While getting professional help is always the safest option, hiring a PT can be expensive and inflexible. So if you’re itching to get fit on a budget but don’t know where to start, here are eight tips for overcoming gym phobia from someone who used to be terrified of the weights room (me!).
Tip 1: Join a fitness program
When I started lifting weights I knew I would need some guidance, so I decided to sign up for an online fitness program. The first program I did was the Kayla Itsines’ BBG Stronger program on the SWEAT App and I am so glad I did!
Following a fitness program gave me the confidence to walk into the weights room with a plan set out for me. I didn’t have to think - I just had to show up and follow the app. Most fitness apps also come with instructions on how to do each exercise with proper form and usually provide a little video of someone performing the exercise to show you how it’s done - very helpful.
Tip 2: Start slow
Instead of jumping right into a program that was 100 per cent weights-based, I did programs like BBG Stronger and Kelsey Wells’ PWR program - both of which combine HIIT with weights in each workout.
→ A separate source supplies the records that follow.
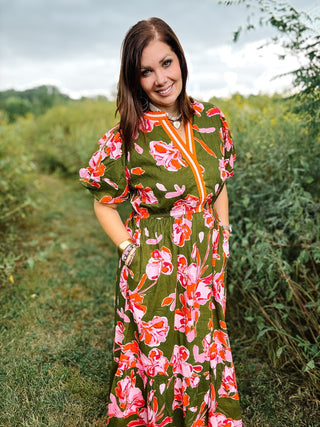Tallulah Dress by THML - Olive Green Midi Dress with Orange Contrast Stripes Tallulah Dress by THML - Olive Green Midi Dress with Orange Contrast Stripes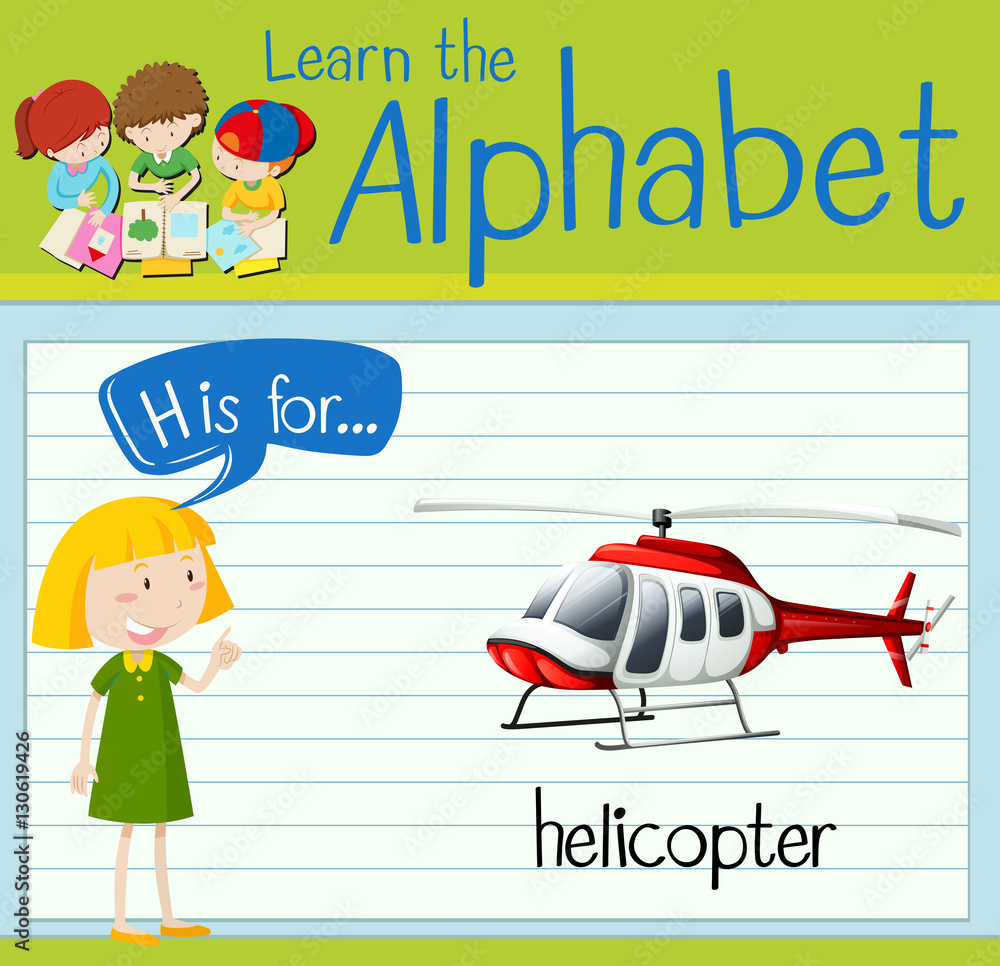 Flashcard letter H is for helicopter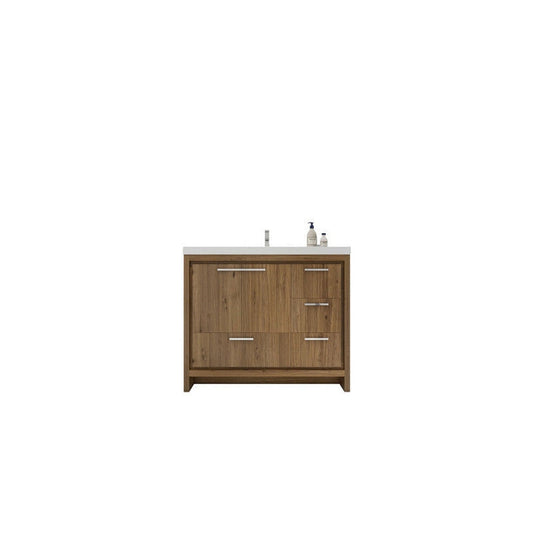 Moreno Bath Dolce 42" Natural Oak Freestanding Vanity With Right Side Drawers and Single Reinforced White Acrylic Sink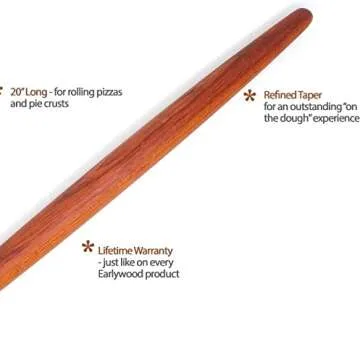 French Tapered Wooden Rolling Pin for Perfect Baking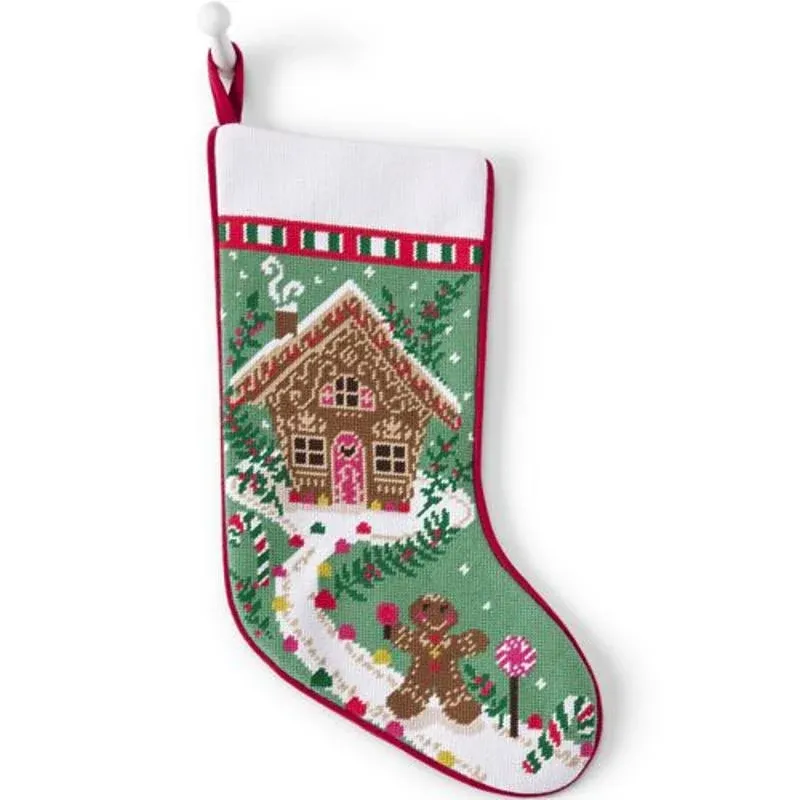 NEW 2 Lands End Christmas Needlepoint Personal Stocking TEDDY THEODORE trains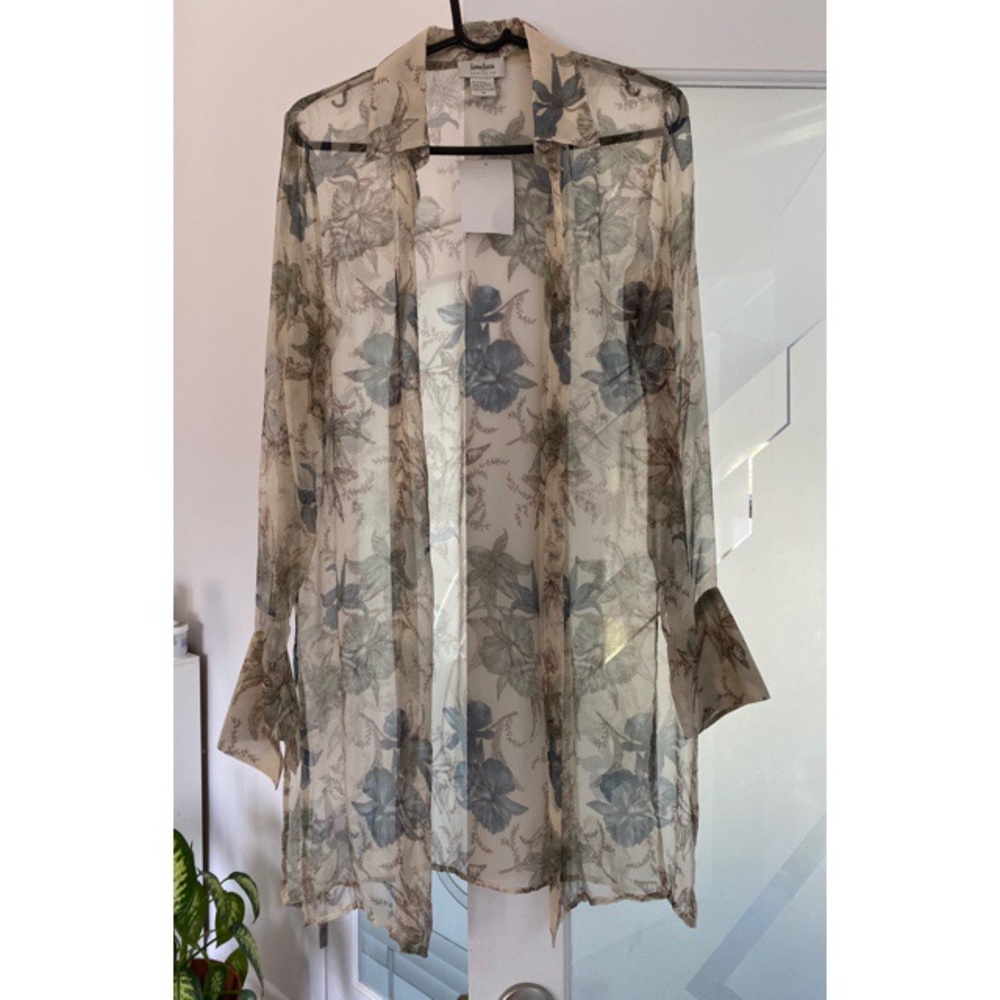 Neiman Marcus Floral Sheer Cardigan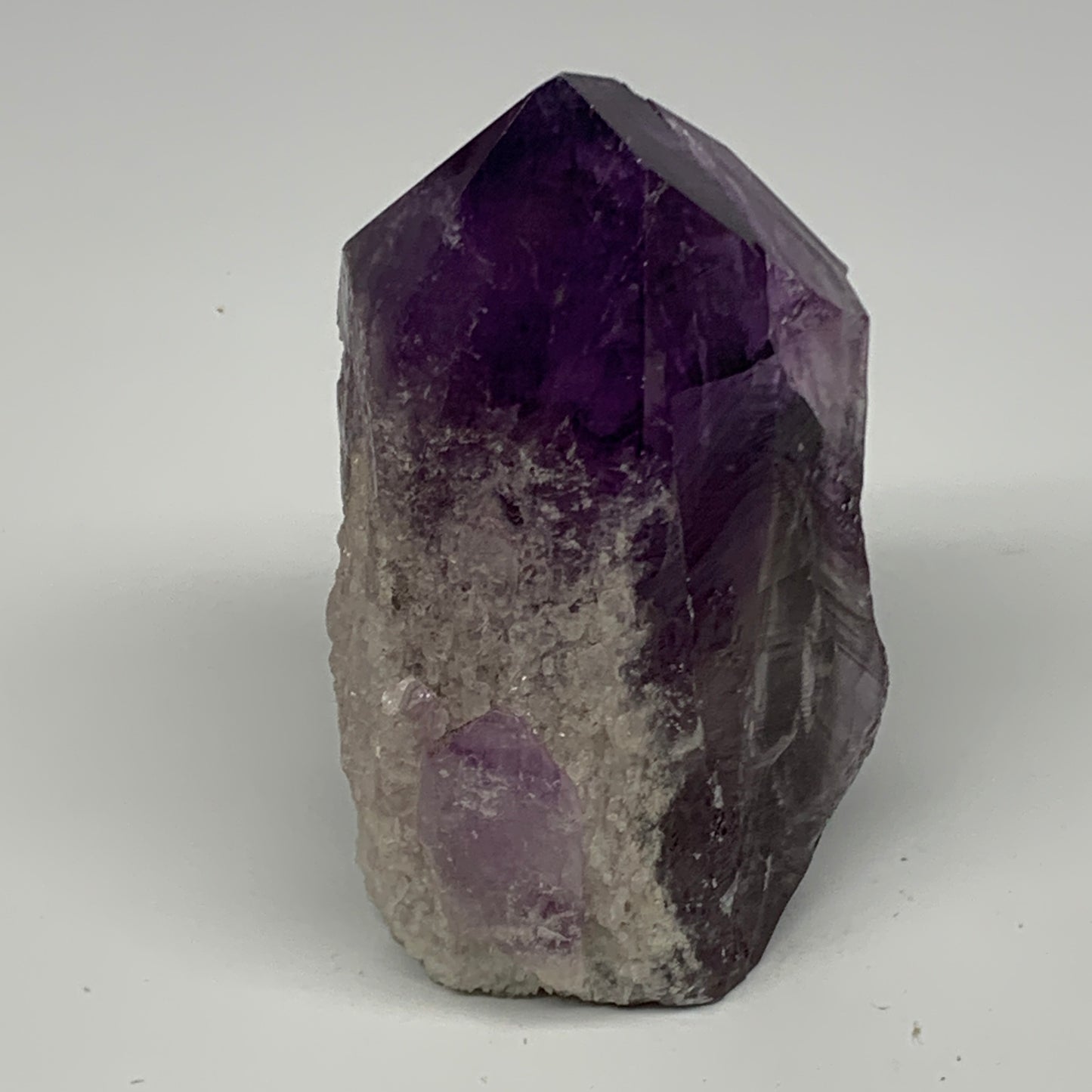 414.9g,4.3"x2.4"x1.9", Amethyst Point Polished Rough lower part Stands, B19066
This meant I could stick somewhat in my comfort zone with floor exercises and cardio, while incorporating around three weights-based exercises into my training, making my introduction to lifting weights gradual and stress-free.
Tip 3: Research exercises that scare you
In my early gym days, I spent a lot of time on Google and YouTube deep diving into how to do exercises that scared me. There is nothing worse than rocking up to a barbell or a machine and having no clue how to use it! So I would typically look at my program for the next day and research any exercise that I felt unsure about.
I also found myself doing this while at the gym. There were often days when I’d try an exercise, realise it didn’t feel right, and watch a video or read a quick post between sets to figure out how to improve. That’s the best part about weight training - you can take long breaks between sets and no one bats an eyelash!
Tip 4: Observe others
One of the most nerve-racking parts about going to the gym as a beginner isn’t the workout itself, but rather the gym floor etiquette and politics that feel overwhelmingly difficult to figure out.
In the months leading up to my decision to start lifting weights, I would go to the gym and set up my floor exercises by the weights room instead of near the stretching area. I would quietly observe (in a very non-creepy way I promise!) how people in the weights room interacted with equipment and each other so I didn’t end up making a big faux-pas - like not unloading my weight from the machine when done with an exercise or forgetting to put safeties on my barbells.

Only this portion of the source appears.